A False Assumption: Some Types of Cases are “Not Amenable” to Mediation

By: Donald L. Swanson

The U.S. Sixth Circuit “moved to random selection” of cases for mediation because “cases that appeared to be amenable to mediation were not actually more likely to settle than any other case.”

Sixth Circuit Appellate Blog, April 6, 2012.

Any assumptions on what this might be? (Photo by Marilyn Swanson)

A False Assumption

One of the early assumptions about mediation is that some types of civil cases are more amenable to settlement through mediation than others.

This assumption is false.

Falsity is demonstrated by the experience of the U.S. Sixth Circuit Court of Appeal, reflected in the quotation above.
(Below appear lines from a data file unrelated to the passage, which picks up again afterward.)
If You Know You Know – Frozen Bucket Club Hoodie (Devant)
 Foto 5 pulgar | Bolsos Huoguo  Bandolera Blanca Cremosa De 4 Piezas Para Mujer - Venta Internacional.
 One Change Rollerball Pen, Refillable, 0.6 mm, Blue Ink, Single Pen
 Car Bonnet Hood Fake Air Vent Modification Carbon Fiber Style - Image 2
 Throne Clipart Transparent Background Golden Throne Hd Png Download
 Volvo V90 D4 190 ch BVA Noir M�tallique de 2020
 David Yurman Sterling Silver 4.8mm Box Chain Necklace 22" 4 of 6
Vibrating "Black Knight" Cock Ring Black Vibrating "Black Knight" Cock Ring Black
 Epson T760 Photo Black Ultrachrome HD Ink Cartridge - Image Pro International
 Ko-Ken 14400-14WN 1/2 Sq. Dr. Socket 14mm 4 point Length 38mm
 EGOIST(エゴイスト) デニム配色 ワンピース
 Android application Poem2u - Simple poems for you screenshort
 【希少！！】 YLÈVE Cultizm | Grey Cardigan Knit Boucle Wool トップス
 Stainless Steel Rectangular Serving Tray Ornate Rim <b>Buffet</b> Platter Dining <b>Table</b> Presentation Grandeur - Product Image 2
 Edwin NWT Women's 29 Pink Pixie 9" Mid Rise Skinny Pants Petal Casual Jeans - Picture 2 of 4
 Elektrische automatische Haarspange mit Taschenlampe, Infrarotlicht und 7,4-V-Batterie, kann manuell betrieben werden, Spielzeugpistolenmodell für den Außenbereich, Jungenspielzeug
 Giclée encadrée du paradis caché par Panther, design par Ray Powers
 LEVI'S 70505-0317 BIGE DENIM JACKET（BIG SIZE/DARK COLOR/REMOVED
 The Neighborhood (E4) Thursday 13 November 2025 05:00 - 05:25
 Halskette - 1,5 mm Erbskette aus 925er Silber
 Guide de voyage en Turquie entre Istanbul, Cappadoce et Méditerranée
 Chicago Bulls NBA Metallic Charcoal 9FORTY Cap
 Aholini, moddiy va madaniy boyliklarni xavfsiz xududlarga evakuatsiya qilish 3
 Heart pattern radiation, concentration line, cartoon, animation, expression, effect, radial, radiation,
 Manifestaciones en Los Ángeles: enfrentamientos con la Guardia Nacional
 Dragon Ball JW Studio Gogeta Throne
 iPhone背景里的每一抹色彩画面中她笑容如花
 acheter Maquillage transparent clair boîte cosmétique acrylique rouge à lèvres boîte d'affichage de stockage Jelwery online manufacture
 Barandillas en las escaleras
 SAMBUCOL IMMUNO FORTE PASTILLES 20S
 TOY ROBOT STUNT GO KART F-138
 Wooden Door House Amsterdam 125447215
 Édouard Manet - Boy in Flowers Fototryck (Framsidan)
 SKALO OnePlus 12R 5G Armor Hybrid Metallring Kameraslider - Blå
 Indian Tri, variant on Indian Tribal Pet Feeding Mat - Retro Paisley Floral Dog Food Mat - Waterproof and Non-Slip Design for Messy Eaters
Falsity is also demonstrated in a report by Law Professor Suzanne J. Schmitz, published at, A Critique of the Illinois Circuit Rules Concerning Court-Ordered Mediation, 36 Loy. U. Chi. L. J. 783 (2005).

Illinois Rules on Mediation

Illinois adopted a mediation system in which a court, (i) has “authority to order mediation,” and (ii) “retains discretion over which cases to refer” to mediation.

In this system, Judges have broad latitude to determine “on a case-by-case basis” whether to order a case into mediation.

Additionally, the system adopts the false assumption noted above by specifying grounds upon which dispensation from mediation is to be granted.

Studies Debunking the Assumption

Mediation studies provide “no empirical support” for identifying “best” types of cases to mediate. For example:

One study suggests that “personal injury cases were excellent candidates for mediation”;

Another concludes that “contract cases are extremely amenable to mediation”;

Most studies find “no difference in settlement rates between broad case categories”; and

Another study finds that even high levels of “acrimony” do not “argue against the likelihood of settlement through mediation.”

“Indeed,” Prof. Schmitz concludes:

There is “no typical case” in which “mediation has detrimental effects”;

A rule authorizing mediation in all types of civil cases “is sound”; and

Courts “should not automatically exclude categories of cases from mediation.”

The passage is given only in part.